Conseils pour une installation optimale
Pour garantir la performance et la longévité de votre micro-station d’épuration, voici quelques recommandations essentielles :
Avant l’installation
- Faire réaliser une étude de sol pour vérifier la compatibilité du terrain
- Consulter le SPANC pour connaître les prescriptions techniques locales
- Obtenir les autorisations nécessaires (permis de construire ou déclaration de travaux)
- Comparer plusieurs devis de professionnels qualifiés
- Vérifier les certifications et agréments de la micro-station choisie
Pendant l’installation
Assurez-vous que l’installateur respecte les points suivants :
- Pose sur un lit de sable stabilisé parfaitement horizontal
- Raccordements étanches et accessibles
- Installation des systèmes d’aération et de ventilation conformément aux prescriptions du fabricant
- Remblayage avec des matériaux adaptés, sans compacter trop fortement
- Mise en place correcte des rehausses et regards d’accès
Après l’installation
Pour maintenir votre micro-station en bon état de fonctionnement :
- Respecter les consignes d’utilisation du fabricant
- Éviter de déverser des substances toxiques (huiles, peintures, médicaments) ou des objets solides
- Surveiller régulièrement les voyants de fonctionnement (si équipé)

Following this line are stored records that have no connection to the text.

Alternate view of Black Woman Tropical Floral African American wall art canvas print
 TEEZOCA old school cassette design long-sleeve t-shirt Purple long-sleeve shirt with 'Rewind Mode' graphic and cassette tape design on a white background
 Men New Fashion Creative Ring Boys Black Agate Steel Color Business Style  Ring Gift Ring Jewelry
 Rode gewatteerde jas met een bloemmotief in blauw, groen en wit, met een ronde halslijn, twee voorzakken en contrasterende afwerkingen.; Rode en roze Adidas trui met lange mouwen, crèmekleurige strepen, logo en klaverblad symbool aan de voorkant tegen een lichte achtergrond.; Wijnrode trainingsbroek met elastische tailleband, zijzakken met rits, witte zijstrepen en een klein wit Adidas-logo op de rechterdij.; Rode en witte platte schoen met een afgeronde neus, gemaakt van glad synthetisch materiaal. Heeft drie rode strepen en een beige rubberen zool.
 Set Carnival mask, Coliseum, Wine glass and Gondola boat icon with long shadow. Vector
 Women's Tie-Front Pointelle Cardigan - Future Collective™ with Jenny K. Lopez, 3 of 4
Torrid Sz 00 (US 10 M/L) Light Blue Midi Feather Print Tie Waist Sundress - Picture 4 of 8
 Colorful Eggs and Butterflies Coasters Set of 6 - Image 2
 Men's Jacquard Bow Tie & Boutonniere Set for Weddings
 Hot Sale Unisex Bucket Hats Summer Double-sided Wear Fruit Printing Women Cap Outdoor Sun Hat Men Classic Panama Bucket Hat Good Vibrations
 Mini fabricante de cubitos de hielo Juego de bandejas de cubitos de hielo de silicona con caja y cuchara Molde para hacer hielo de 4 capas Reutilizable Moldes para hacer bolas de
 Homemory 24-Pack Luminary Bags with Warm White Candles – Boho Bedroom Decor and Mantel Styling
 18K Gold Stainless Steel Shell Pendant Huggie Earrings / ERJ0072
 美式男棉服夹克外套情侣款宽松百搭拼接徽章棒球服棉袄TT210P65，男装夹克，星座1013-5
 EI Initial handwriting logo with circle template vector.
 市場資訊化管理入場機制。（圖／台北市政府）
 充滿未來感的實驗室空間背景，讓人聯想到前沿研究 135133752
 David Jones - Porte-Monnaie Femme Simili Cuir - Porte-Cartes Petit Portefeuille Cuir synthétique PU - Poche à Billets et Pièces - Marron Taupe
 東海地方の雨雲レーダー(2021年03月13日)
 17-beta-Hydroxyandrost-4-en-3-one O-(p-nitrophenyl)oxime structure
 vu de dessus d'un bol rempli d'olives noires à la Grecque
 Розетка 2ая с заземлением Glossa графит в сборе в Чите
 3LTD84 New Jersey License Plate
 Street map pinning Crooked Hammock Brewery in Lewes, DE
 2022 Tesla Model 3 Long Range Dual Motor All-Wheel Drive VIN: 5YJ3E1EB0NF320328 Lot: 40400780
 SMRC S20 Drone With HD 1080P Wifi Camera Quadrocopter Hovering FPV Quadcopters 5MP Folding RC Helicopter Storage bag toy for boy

- Faire réaliser les vidanges dès que le niveau de boues atteint 30% du volume utile
- Conserver tous les documents et rapports d’entretien pour les contrôles du SPANC
Conclusion

La micro-station d’épuration représente une solution moderne et performante pour l’assainissement non collectif. Malgré un investissement initial conséquent et des contraintes d’entretien, elle offre de nombreux avantages en termes de performance épuratoire, de compacité et d’adaptabilité à différentes configurations de terrain.
Le choix d’une micro-station doit se faire en fonction de vos besoins spécifiques, de la configuration de votre terrain et de votre mode d’occupation du logement. Un accompagnement par des professionnels qualifiés comme Fransbonhomme vous permettra de bénéficier d’une installation optimale et conforme aux réglementations en vigueur.
N’oubliez pas que l’assainissement non collectif est soumis à des contrôles réguliers par le SPANC, et qu’une installation bien entretenue vous évitera des frais supplémentaires à long terme, tout en contribuant à la préservation de l’environnement.